Secret Mark (not to be confused with “Archaic Mark”) is an alleged ancient text that a number of modern scholars consider a forged hoax. (See the description of the document below). Recently a group of scholars with expertise in the pertinent matters met to discuss and debate the text and its controversy. The papers from that event have been published under the title: Ancient Gospel or Modern Forgery?: The Secret Gospel of Mark in Debate: Proceedings from the 2011 York University Christian Apocrypha Symposium (Burke, Tony, editor)

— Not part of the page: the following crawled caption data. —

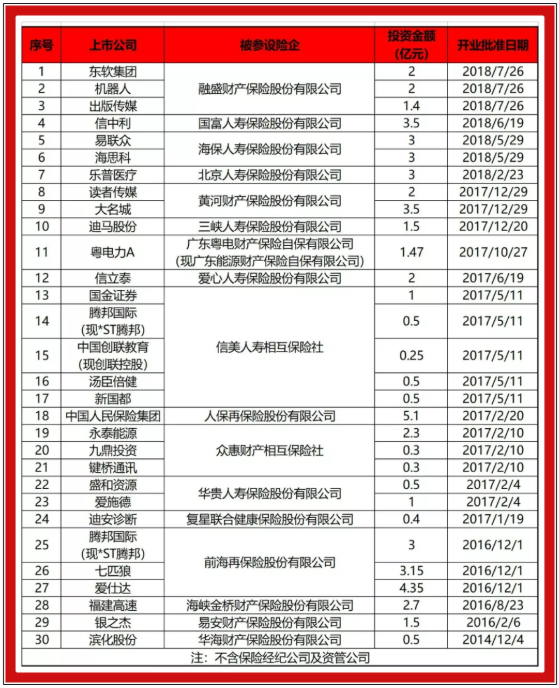 澳门六张牌照归属的最佳排行榜解析澳门六个牌照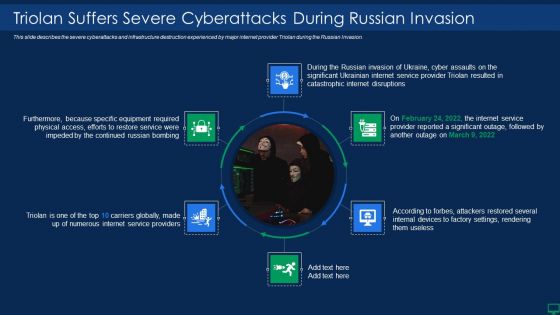 Russian Cyber Attacks On Ukraine IT Triolan Suffers Severe Icons PDF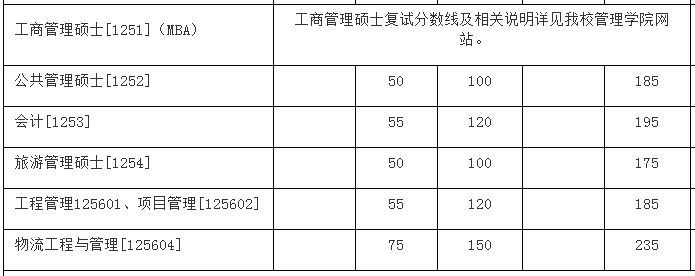 厦门大学2021年MEM（物流工程与管理）复试分数线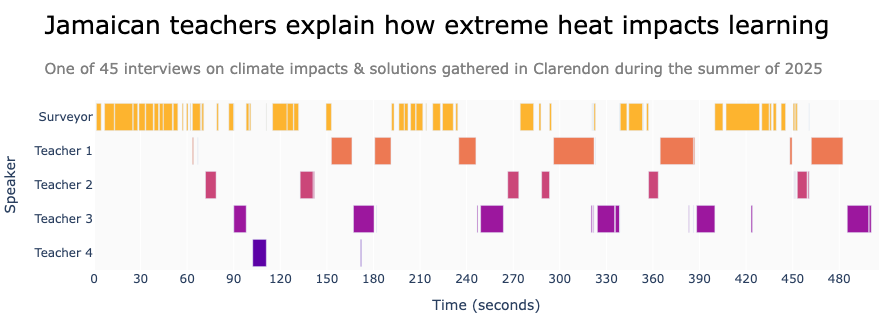 Speaker visualization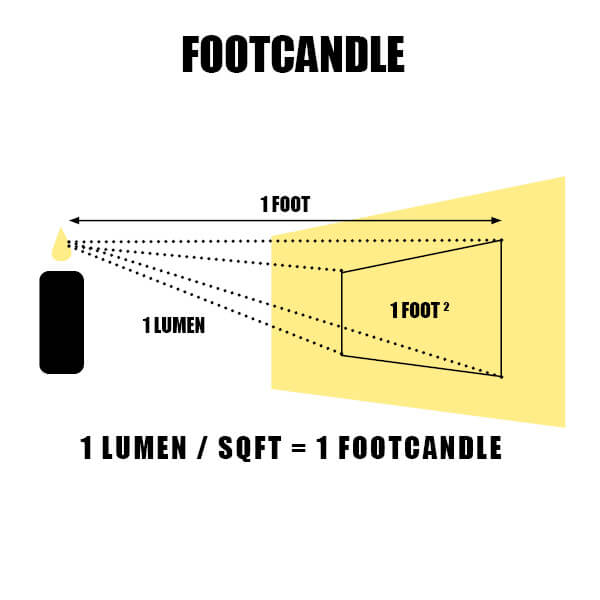 footcandle diagram 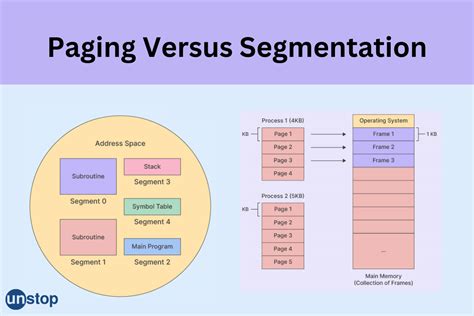 Difference Between Paging And Segmentation
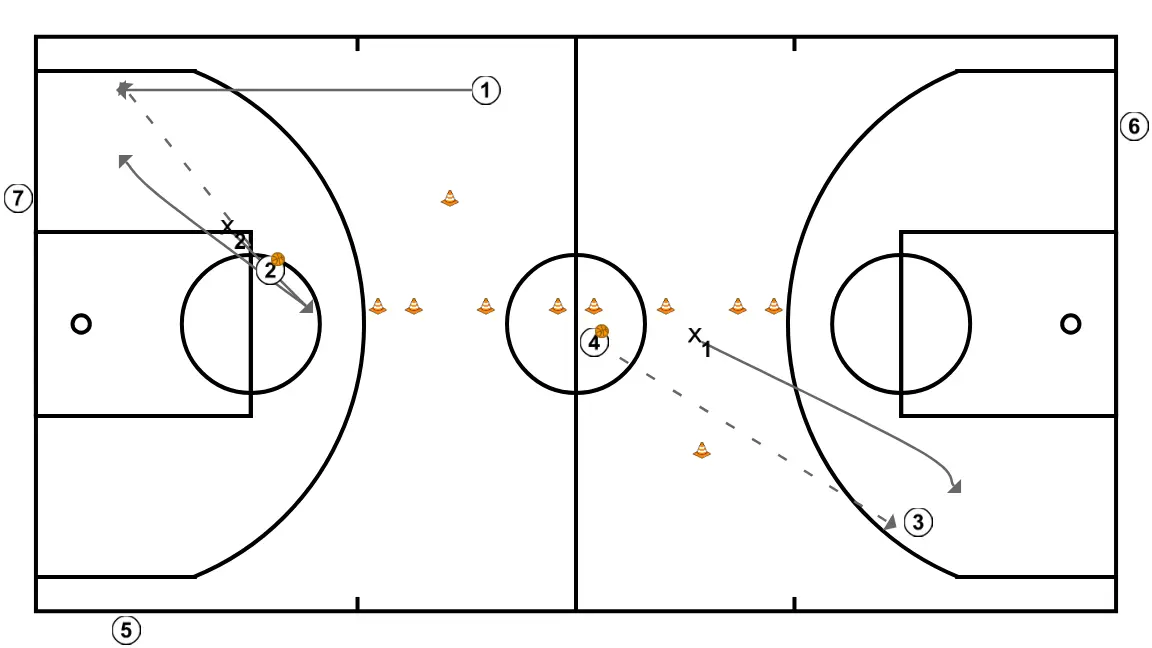 Continuous 2 on 1 - PASSO 5: <div>We can finish with a shot or a penetration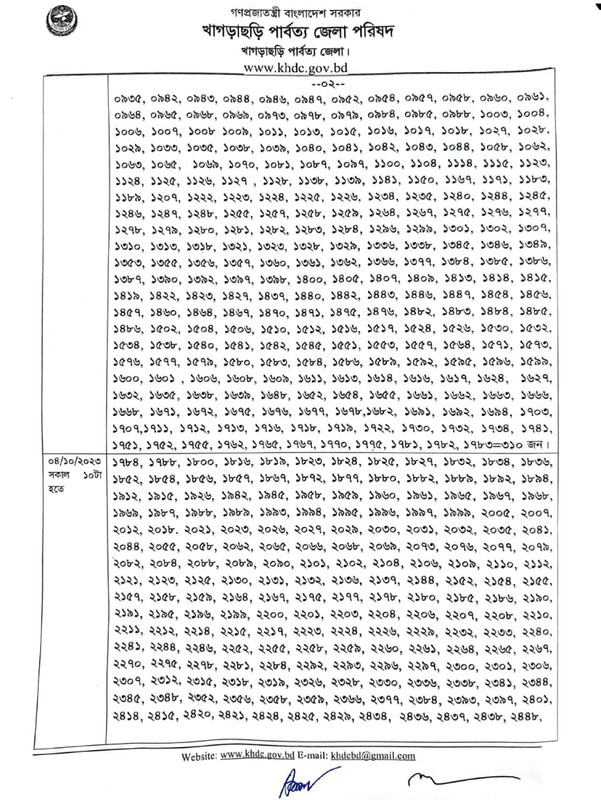 KHDC-Primary-Assistant-Teacher-Exam-Result-and-Viva-Date-2023-PDF-2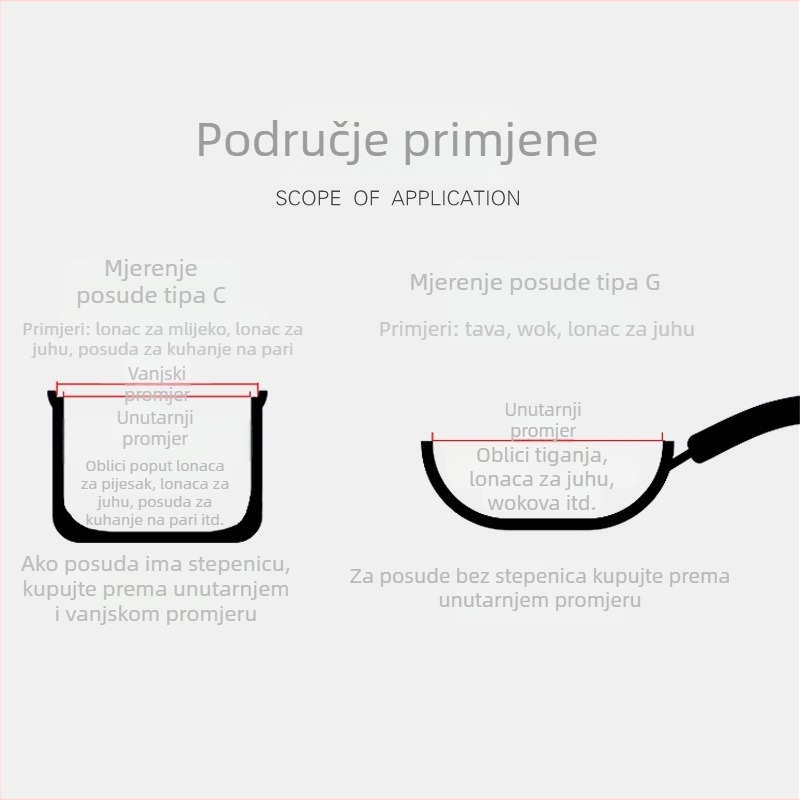 Stakleni poklop za wok i lonce, termički otporno staklo, proziran, univerzalna veličina 18–20 cm, kućna upotreba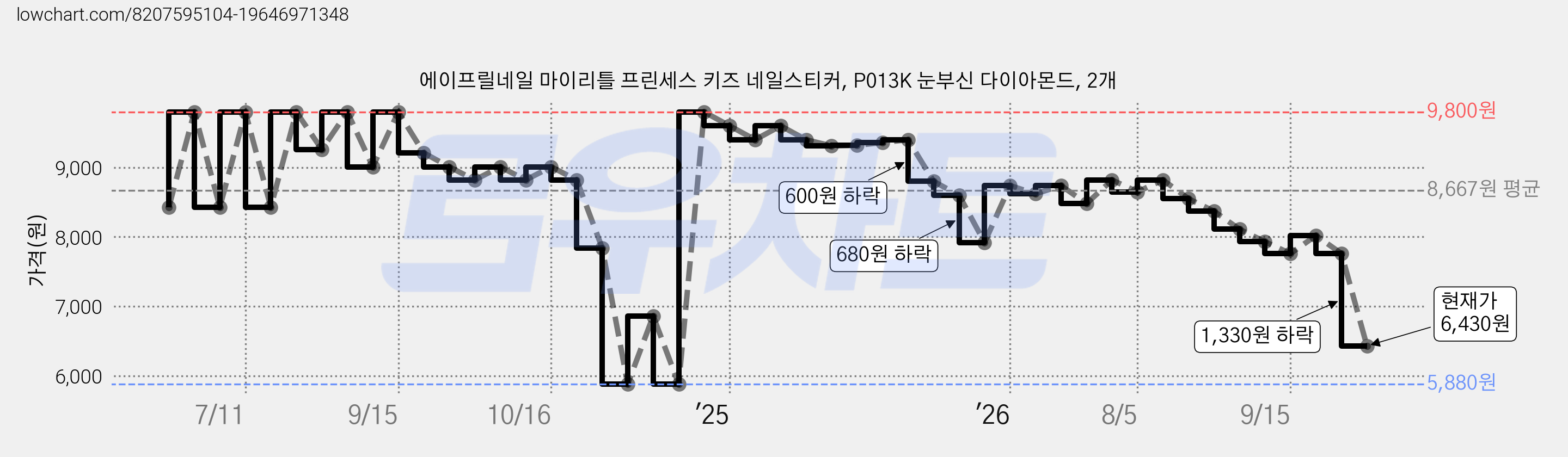 에이프릴네일 마이리틀 프린세스 키즈 네일스티커, P013K 눈부신 다이아몬드, 2개 가격 변동 차트, 현재가 6,430원, 관측 최저가 5,880원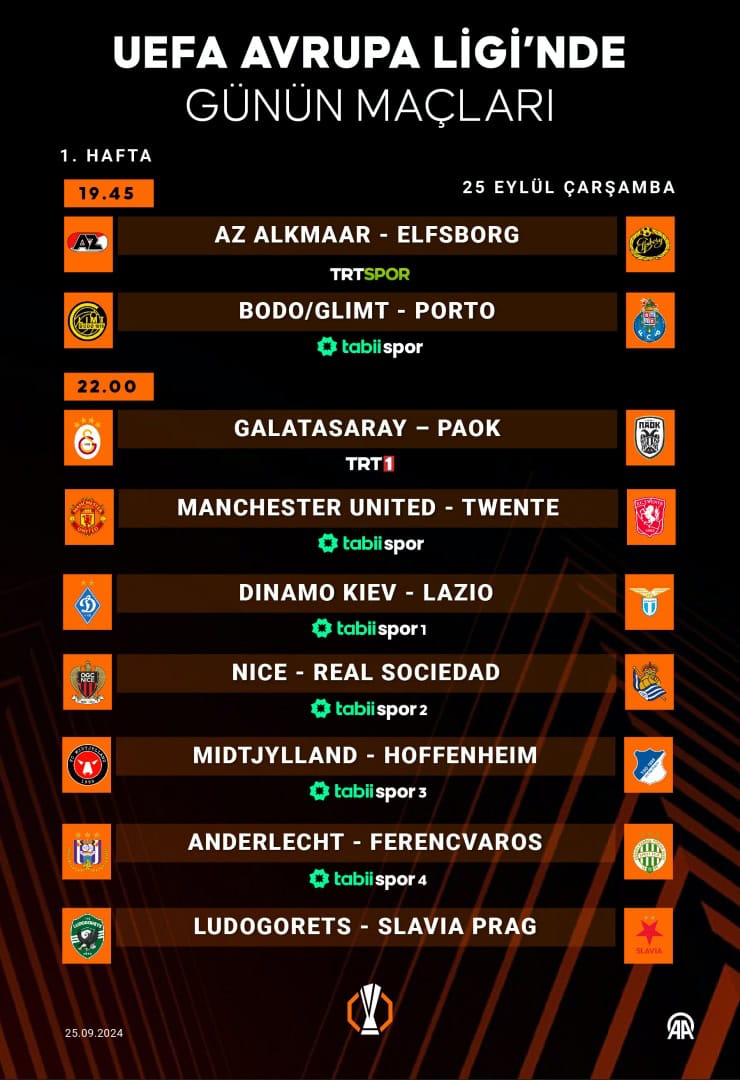 UEFA Avrupa Ligi’nde 25 Eylül programı: Galatasaray, PAOK’la karşılaşıyor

Here’s a description of the volume:

In 1958, American historian of religion Morton Smith made an astounding discovery in the Mar Saba monastery in Jerusalem. Copied into the back of a seventeenth-century book was a lost letter attributed to Clement of Alexandria (ca. 150-215 CE) that contained excerpts from a longer version of the Gospel of Mark written by Mark himself and circulating in Alexandria, Egypt. More than fifty years after its discovery, the origins of this Secret Gospel of Mark remain contentious. Some consider it an authentic witness to an early form of Mark, perhaps even predating canonical Mark. Some claim it is a medieval or premodern forgery created by a monastic scribe. And others argue it is a forgery created by Morton Smith himself. All these positions are addressed in the papers contained in this volume. Nine North American scholars, internationally recognized for their contributions to the study of Secret Mark, met at York University in Toronto, Canada, in April 2011 to examine recent developments in scholarship on the gospel and the letter in which it is found. Their results represent a substantial step forward in determining the origins of this mysterious and controversial text.

James McGrath’s excellent review of this volume can be read here. The book is a must-have for anyone interested in this debate and, more broadly, analysis of ancient texts for forgery.